LLM Performance Analysis

The LLM demonstrated a consistent ability to identify and map the core classes and properties of the provided ontology. However, the mapping was not exhaustive, and several interventions were required to achieve a complete graph.

Key Findings:

  • Connectivity Issues in Complex Classes: The most complex parts of the model, specifically the ceon-actor:Stakeholder and mdo:Argument classes, were initially generated with incomplete properties. Multiple prompts and specific solicitations were necessary to force the LLM to create all the required logical links. Without these interventions, the model failed to autonomously respect the full relational structure of the ontology.

  • Data Fragmentation and Misclassification: Sometimes the LLM struggled with specific classes. A notable example is the handling of dcterms:date. Instead of maintaining it as distinct entity, the LLM frequently merged it into other instances—such as folding the year into the label of the crm:E12_Production class (e.g., production_2006).

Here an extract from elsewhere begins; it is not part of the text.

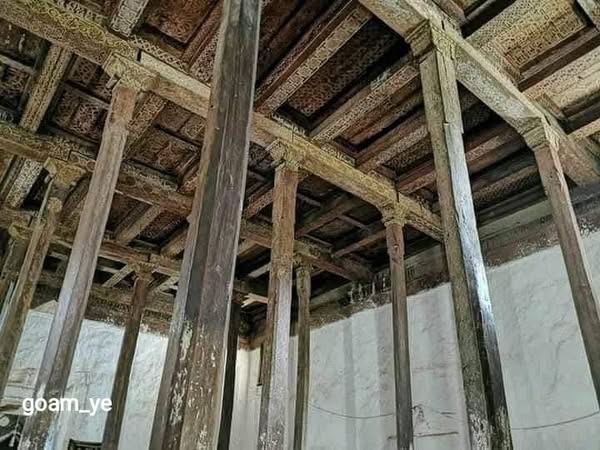 جامع الأعور في بني الضبيبي - ريمة... تحفة معمارية شاهدة على التاريخ - صورة إضافية 3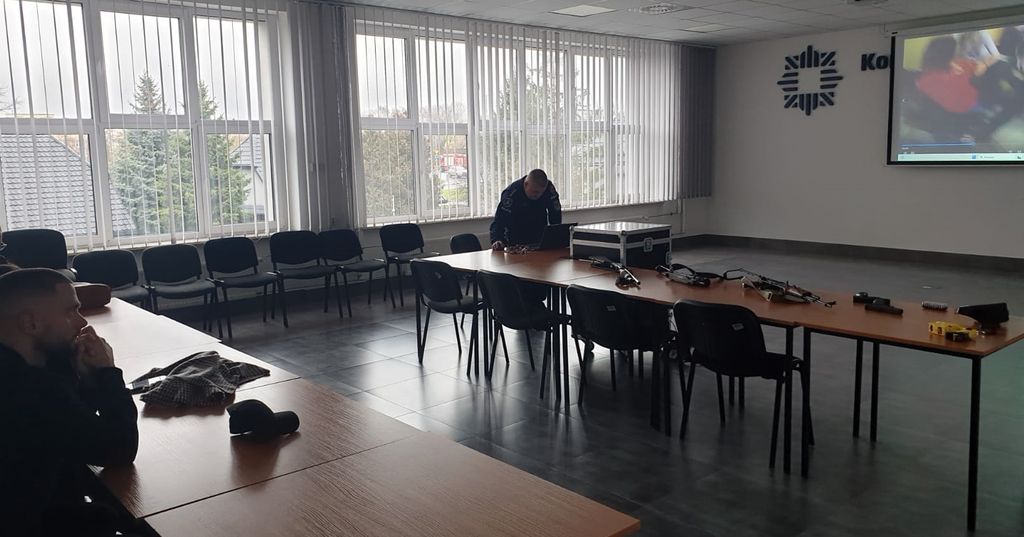 policjant w czasie spotkania z młodzieżą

  • Omission of Temporal Context and Discussion: The model failed to explicitly instantiate the deo:Discussion class and the tip:TimeInterval class to represent the duration of the protest, even if they were mentioned in the text.

  • Consistent Failure with Contextualization and Setting: Across multiple tests, the LLM failed to utilize mdo:isContextualisedBy. This property links the monument to physical contextualization elements (plaques/panels). Instead, the model misattributed these to crm:E26_Physical_Feature, which should describe the statue's original state. Furthermore, the mdo:debateSetting class, defining the environment of the confrontation (the police cordon), was consistently omitted.

Conclusion:

While the LLM is capable of a "macro" mapping, it tends to simplify or ignore the most granular and relational aspects of the ontology. Substantial human oversight is required to ensure that complex classes are not just present, but correctly interconnected according to the schema's properties.